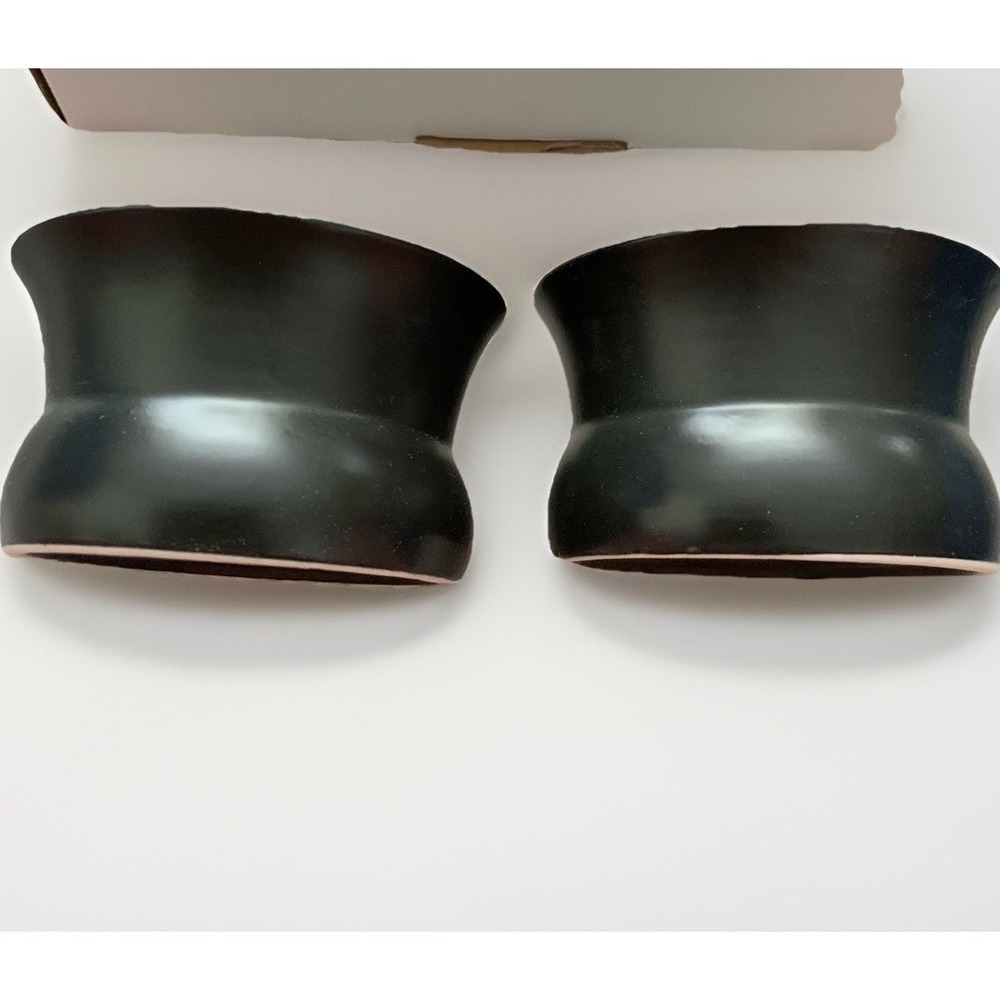 2 Historically Modern Designs Oaxaca Mezcal Tequila Copita Glasses Volcanic Ash - Picture 6 of 7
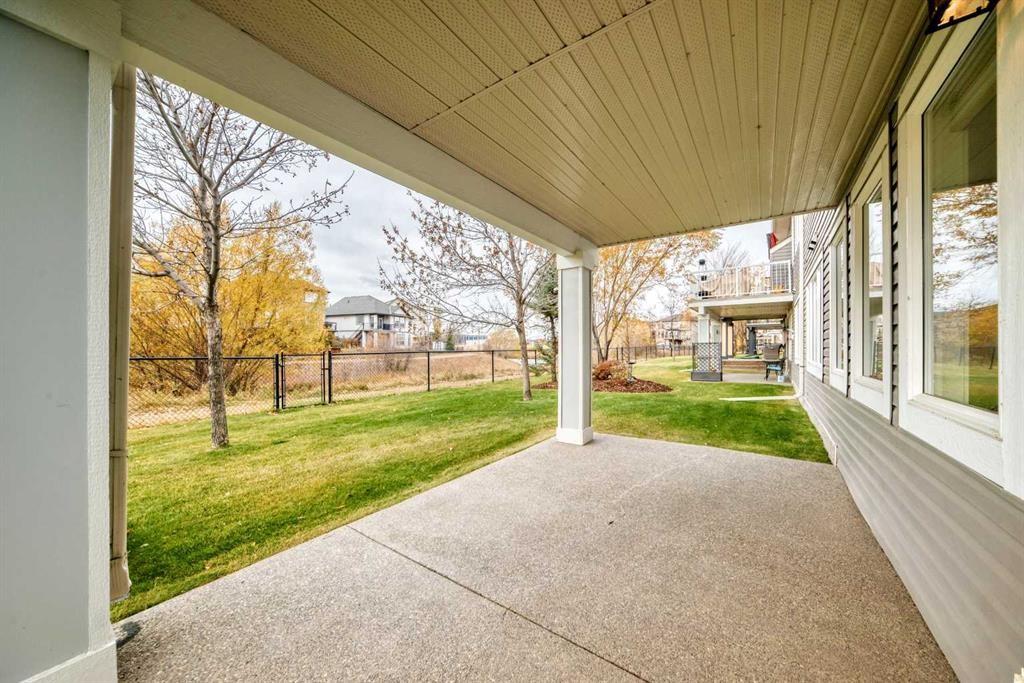 160 Sienna Passage, Chestermere, AB - Outdoor With Deck Patio Veranda With Exterior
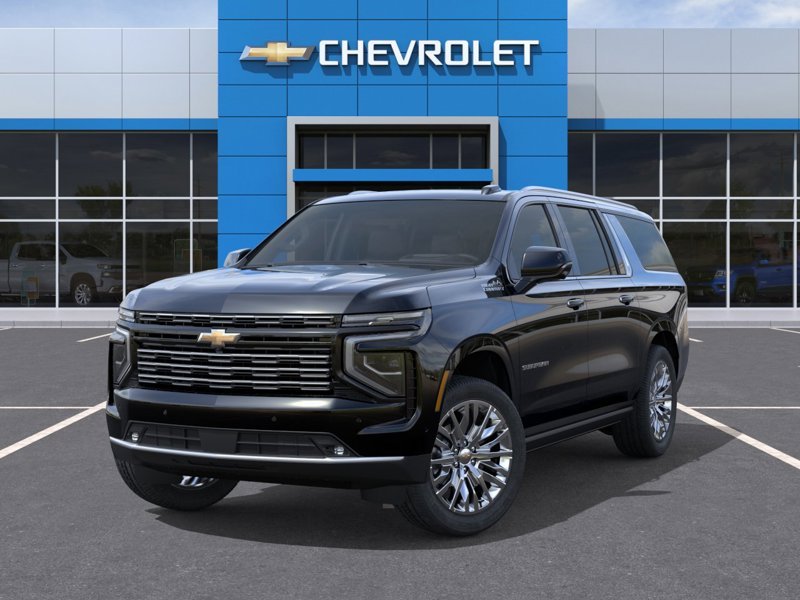 2026 CHEVROLET Suburban High Country 4 portes 4RM Black Ottawa & Gatineau - photo #5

-.-.-

> What the task requires
With the images excluded, reproduce the data above precisely as written.

> Answer box
 2 Historically Modern Designs Oaxaca Mezcal Tequila Copita Glasses Volcanic Ash - Picture 6 of 7
 160 Sienna Passage, Chestermere, AB - Outdoor With Deck Patio Veranda With Exterior
 2026 CHEVROLET Suburban High Country 4 portes 4RM Black Ottawa & Gatineau - photo #5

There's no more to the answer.